Unfortunately, until recently, SIEMs have been the only solution. (Of course, you can always solve the problem with more people, but that’s not a sustainable approach.) Without having data from all the security tools, any analysis will be riddled with inaccurate insights. The tools themselves have realized this, so there has been a push for tool “extensions” to ingest data from other sources, such as XDRs, which have EDRs as a core dataset and ingest data from other tools. The thesis is that security teams believe that endpoints are the main source of issues and attacks, so having more context is beneficial.
I don’t believe this is the right play for most tools (or even EDRs). Let’s just look at the modern data stack again and look at the EDR/XDR play. The EDR companies are data sources that have applications but are trying to pivot into a data warehouse.

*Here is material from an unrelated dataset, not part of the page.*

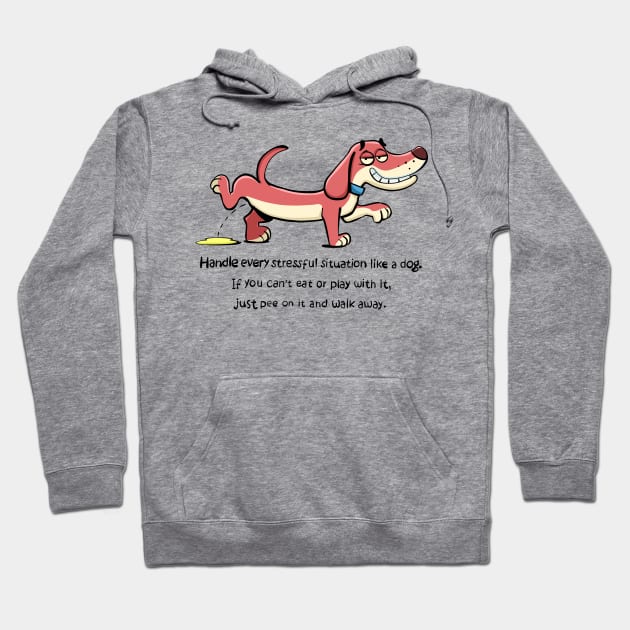 dachshund peeing and smiling while doing it Hoodie by duxpavlic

That’s a risky play given that they have to build a data warehouse while the actual data warehouses like Snowflake and Databricks are pivoting into security use cases.
What should cybersecurity companies do?
It seems like security tools are looking more like BI tools in the past, so I believe they will undergo a similar evolution to the modern data stack. Security practitioners will demand more context that will require data silos to be broken. Given the increased focus on actionable insights, security practitioners will need to develop their own “stack” to provide these insights.
This means that we will see similar tools like modern data stack. We will see data sources, ingestion, transformation, warehouses, and verticalized applications. Some of the existing players might go into security use cases, such as the data warehouses because security data is not that different than other data.
Now, cybersecurity products have an identity crisis. They have to decide which bucket they fall into. Are they the applications? Are they the data sources? Are they the ingestion engine?
In my opinion, most companies will need to pivot to verticalized, lightweight applications built on top of a data warehouse or a BI-like tool. Cloud providers and engineering tools, such as observability tools like Datadog, will serve as data sources. There seems to still be space for a transformation, analysis, and ingestion tool. Unfortunately, cybersecurity companies have to pick a category. They cannot continue to operate and cross categories for the same reasons BI tools couldn’t succeed in doing it — this will lead to cause the product to have duplicate functionality in the security “stack” that will not add additional value.
I do think this is going to happen as companies are already exploring using data warehouses as SIEMs to consolidate data infrastructure and reduce the burden on the engineering infrastructure teams. I am not sure of the time scale, but I do think this transformation will be a net positive for the industry and lead to more efficient security operations because it will lead to better and more effective data analysis.